Canada House Gallery, Pall Mall East Entrance, Trafalgar Square, SW1Y 5BJ
© 2015 Hauser & Wirth.
“Most photographs cannot get looked at very often” Wall comments “they get exhausted”. The traditional 8 by 10ins size fits cosily around prints in books, but “it’s too shrunken, too compressed”. So, although Wall's life-size pictures often lie there flat on the screen, not answering back, they are prepared to hold a conversation with anyone who has the patience to look at what is (or is not) there. Art on his scale engages the viewer afresh: you can walk up to it, move around and away and back again.
Wall calls his large-scale photographs ‘prose poems’ (a style of writing associated with Charles Baudelaire), wanting the viewer to experience, even savour, a picture rather than fathom what it is about. It’s quite hard to do.Our eyes are used to raking over pictures as news items or part of a narrative thread. School children are given a picture at random and asked to write a story. What happens if there isn't one?

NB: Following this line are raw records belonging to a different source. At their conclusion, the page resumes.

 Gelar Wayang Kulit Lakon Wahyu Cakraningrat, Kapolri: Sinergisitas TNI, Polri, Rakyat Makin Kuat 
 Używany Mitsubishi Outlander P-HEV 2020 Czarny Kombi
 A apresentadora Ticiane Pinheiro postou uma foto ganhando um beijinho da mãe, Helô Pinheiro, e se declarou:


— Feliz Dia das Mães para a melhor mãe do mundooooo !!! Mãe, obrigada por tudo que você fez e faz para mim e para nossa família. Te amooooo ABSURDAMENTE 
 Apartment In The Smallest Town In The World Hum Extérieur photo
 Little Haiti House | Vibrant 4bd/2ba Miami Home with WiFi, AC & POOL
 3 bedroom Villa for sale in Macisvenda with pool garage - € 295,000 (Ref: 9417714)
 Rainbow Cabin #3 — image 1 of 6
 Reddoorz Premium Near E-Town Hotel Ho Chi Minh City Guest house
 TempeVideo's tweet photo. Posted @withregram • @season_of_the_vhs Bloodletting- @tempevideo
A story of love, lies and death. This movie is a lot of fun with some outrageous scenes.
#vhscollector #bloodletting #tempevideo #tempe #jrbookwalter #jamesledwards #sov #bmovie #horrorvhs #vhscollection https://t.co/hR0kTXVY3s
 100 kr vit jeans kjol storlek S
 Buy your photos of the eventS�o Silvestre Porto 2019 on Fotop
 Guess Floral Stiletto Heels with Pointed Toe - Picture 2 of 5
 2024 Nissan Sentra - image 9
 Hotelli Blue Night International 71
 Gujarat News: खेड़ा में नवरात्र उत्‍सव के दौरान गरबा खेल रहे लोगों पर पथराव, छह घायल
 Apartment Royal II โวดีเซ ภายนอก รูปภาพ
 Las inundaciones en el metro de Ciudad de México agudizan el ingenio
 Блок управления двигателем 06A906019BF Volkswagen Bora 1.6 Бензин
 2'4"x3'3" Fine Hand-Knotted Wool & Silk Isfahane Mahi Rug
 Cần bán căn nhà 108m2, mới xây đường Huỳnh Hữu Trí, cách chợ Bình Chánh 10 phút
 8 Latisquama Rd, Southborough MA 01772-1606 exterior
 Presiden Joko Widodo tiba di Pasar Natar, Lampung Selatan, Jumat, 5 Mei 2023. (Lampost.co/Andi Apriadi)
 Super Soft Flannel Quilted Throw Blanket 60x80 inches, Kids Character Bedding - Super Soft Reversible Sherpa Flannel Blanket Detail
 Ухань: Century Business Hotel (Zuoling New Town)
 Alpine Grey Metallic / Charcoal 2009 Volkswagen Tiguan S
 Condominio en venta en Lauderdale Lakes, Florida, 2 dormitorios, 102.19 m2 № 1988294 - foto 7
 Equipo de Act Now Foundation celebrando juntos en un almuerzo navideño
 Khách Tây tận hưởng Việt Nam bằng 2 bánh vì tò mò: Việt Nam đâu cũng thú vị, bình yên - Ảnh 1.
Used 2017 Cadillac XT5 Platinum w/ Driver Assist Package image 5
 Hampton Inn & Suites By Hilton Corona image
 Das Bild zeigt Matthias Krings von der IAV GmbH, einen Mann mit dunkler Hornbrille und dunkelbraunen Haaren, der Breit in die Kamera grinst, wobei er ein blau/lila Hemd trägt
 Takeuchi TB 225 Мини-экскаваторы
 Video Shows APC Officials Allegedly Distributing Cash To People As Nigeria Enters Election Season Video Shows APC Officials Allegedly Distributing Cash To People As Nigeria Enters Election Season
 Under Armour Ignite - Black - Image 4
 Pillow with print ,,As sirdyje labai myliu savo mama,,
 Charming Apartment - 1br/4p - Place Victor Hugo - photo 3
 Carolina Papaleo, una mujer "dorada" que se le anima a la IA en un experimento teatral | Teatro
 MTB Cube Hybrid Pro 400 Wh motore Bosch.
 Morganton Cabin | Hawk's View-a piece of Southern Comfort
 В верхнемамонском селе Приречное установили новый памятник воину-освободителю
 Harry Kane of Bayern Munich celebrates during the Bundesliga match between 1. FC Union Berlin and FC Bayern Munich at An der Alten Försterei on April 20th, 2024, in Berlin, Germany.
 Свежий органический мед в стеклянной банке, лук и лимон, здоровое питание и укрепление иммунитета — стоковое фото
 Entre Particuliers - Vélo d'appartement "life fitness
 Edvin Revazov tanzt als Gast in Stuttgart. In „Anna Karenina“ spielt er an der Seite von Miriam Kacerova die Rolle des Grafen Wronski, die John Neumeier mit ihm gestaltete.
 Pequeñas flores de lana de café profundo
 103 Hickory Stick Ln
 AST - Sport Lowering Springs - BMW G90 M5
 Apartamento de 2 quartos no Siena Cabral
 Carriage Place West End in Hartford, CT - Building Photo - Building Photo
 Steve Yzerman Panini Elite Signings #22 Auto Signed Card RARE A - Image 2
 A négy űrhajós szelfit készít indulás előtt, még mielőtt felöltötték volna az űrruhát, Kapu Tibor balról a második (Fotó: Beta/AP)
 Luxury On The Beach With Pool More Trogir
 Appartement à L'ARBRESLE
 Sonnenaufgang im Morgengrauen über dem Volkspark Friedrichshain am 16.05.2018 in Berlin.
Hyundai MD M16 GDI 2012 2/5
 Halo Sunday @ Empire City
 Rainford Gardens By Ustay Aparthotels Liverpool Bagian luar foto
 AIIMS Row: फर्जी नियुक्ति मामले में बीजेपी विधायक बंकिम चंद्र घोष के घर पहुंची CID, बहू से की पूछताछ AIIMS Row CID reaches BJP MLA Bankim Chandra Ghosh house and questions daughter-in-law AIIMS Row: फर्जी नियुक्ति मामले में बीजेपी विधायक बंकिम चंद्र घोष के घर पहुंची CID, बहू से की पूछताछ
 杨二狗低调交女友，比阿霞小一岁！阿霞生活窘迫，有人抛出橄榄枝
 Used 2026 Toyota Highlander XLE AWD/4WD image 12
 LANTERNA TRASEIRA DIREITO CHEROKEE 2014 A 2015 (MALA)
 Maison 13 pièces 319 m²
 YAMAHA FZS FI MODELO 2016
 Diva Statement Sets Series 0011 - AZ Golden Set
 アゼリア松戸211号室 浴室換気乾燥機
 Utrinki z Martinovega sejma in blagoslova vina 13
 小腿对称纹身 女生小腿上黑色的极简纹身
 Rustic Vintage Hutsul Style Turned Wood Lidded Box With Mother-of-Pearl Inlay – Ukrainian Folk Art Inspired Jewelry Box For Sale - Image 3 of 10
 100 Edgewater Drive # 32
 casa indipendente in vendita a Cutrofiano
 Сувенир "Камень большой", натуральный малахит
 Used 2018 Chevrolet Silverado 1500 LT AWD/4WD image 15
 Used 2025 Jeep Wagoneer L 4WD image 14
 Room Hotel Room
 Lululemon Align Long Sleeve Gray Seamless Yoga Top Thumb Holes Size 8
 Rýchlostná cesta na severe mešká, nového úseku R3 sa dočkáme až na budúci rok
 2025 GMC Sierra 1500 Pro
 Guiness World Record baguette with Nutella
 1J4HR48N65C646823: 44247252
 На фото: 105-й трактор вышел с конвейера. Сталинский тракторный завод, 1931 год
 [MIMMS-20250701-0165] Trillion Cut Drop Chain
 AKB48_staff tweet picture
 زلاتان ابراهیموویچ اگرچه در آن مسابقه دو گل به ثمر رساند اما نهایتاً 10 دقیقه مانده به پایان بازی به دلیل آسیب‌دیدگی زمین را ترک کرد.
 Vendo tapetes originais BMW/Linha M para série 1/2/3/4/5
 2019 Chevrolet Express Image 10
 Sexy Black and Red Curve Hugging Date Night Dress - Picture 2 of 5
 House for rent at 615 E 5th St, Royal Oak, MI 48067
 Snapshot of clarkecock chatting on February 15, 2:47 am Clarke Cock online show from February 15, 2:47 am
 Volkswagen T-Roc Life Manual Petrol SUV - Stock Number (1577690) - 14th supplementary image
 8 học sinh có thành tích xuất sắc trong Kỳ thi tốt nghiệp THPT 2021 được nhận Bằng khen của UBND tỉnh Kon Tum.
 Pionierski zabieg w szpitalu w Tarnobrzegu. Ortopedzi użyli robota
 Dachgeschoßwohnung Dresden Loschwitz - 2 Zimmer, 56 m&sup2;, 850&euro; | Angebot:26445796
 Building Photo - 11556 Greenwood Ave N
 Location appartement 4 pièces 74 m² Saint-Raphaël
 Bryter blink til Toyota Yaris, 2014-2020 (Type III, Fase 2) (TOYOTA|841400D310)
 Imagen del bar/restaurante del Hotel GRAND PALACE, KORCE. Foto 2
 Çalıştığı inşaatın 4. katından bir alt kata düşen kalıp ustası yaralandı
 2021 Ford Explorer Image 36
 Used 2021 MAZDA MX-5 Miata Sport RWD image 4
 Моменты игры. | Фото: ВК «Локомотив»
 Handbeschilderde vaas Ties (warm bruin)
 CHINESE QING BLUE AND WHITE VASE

Here we have a well-dressed woman in a formal two-piece, pencil skirt ending mid-calf, high heeled shoes and matching shoulder bag. The woman is in fact the artist’s wife, Jeanette. She is turned away fom us and her sleek head obscures some catalogue pages. The heavy furniture and high ceiling compete for our attention, as does the heavily patterned carpet. She is in a world with its own internal logic: hushed voices, glossy pages and soft footsteps. Through the window we glimpse (when looking at the original size on show at Canada House Gallery) a black London taxi shooting past, bringing into the room noise and movement we cannot hear or see.
Jeanette is many things: a model and a wife; a potential buyer of art browsing through the catalogues and a figure in a work which one day will itself be offered for sale in a catalogue; an agent in the world making choices as well as an actor in a staged context.
In Boy falls from tree there is a 'story' but one without resolution. It's set in a quiet suburban garden, with a swing at rest, a ball idle in the grass, nothing happening – except for a spread-eagled youngster who might or might not catch at the rope or crash- land on his head. After the first shock we remind ourselves of digitalisation. Most things are possible. When Yves Klein made his unforgettable Leap Into The Void (see Blog 45 on Ciprian Muresan) he had to use collage. Now photographs can be stretched, stitched, compressed, edited and excised.
Jeff Wall has the gift of paying genuine attention to his subjects, without condescension or sentimentality. Educated as an art historian, he has aspired to make photographs that can be constructed and experienced the way paintings are. Family snaps in family albums can never be the same.